I used to watch my parents at dinner parties from the kids' table with wonderment at how very sophisticated and wise they were. There were things for instance that, in my mind, only adults could do. My father used to do this trick with a penny where he would rub the penny on his arm and it would disappear. He was no Houdini, and it didn't actually disappear into his arm of course, but I spent a good part of my childhood thinking that my dad's arms were full of pennies. When I got a little older, I marveled at my mother. She had this beautiful perfume that she wore when she went on dates with my dad. She would apply lipstick and spray perfume and leave the house with my father, wearing her good coat, which meant my sister, my brother, and I got to order pizza and they would be back late. I used to wonder why, with all of the freedom and power that adults had, did they seem to only sit around all day talking?
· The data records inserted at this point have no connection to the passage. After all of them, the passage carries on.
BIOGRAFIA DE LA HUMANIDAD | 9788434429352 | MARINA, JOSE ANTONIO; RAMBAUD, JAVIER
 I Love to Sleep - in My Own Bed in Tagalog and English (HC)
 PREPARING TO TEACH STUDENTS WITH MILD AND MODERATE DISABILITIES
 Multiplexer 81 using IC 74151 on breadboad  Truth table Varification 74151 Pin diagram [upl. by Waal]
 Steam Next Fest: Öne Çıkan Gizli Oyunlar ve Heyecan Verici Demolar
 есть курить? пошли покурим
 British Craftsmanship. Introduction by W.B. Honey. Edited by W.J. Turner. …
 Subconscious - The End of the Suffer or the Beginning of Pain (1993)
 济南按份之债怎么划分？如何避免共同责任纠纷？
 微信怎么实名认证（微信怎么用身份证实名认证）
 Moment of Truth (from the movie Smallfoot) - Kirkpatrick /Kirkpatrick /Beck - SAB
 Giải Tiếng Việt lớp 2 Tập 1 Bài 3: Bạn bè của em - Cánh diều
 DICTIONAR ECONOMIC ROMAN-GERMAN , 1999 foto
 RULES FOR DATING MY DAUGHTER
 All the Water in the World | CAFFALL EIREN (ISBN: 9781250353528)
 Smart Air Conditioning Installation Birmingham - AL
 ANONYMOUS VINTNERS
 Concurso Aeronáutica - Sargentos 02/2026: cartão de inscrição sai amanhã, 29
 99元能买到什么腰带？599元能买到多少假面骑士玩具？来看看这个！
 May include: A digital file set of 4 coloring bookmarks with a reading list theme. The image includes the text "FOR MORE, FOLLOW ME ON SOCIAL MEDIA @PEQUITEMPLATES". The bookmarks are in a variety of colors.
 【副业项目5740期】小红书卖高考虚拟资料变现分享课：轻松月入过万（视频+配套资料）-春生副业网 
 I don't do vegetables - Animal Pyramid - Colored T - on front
Surely they would much rather lube up the underside of a crazy carpet and take it for a ride down the winding staircase?
Well into my teens I started mimicking adult behaviour. I had a fascination with dinner parties and martinis. Even though I thought dinner parties were slightly boring and martinis were disgusting. I had ideas about what a successful life should look like in all its stages and I started attaching these ideas to stuff; food processors, ottomans, glassware, and perfectly matching undergarments. My pubescent brain perceived these things to be very grown up.
Tucked away in these musings were my own fantasies of what kind of an adult I would be, and I dreamed in stuff. Grown up stuff, like a gigantic king sized bed, the kind that has too many pillows, and fancy pantsuits that I would have to pick up from the dry cleaners. I dreamed about matching linens, and dish sets with matching glassware. I would have a job that required me to look smart while I made VERY important decisions. I would have money and I would never be bored.
I guess I assumed that I would magically wake up one day and find I had become a fully rational, fiscally responsible, emotionally mature 'adult.' As if there were some kind of border between adolescence and adulthood, where passport control would stamp me with the bold black letters: WELCOME TO ADULTHOOD, and usher me towards baggage claim where I could pick up my pantsuit and sense of purpose.
I feel like I am stumbling around in giant plastic pearls and over-sized pumps, and I am not sure if I have it in me to be a proper adult. Being a grown up requires me to do stuff. Stuff like getting a mortgage, and choosing drapes. I guess the biggest wrench in the works is that I am just not that responsible. Despite how hard I try I can't remember to water plants, my bedroom is always a mess, and and I still want to ride a crazy carpet down a flight of stairs.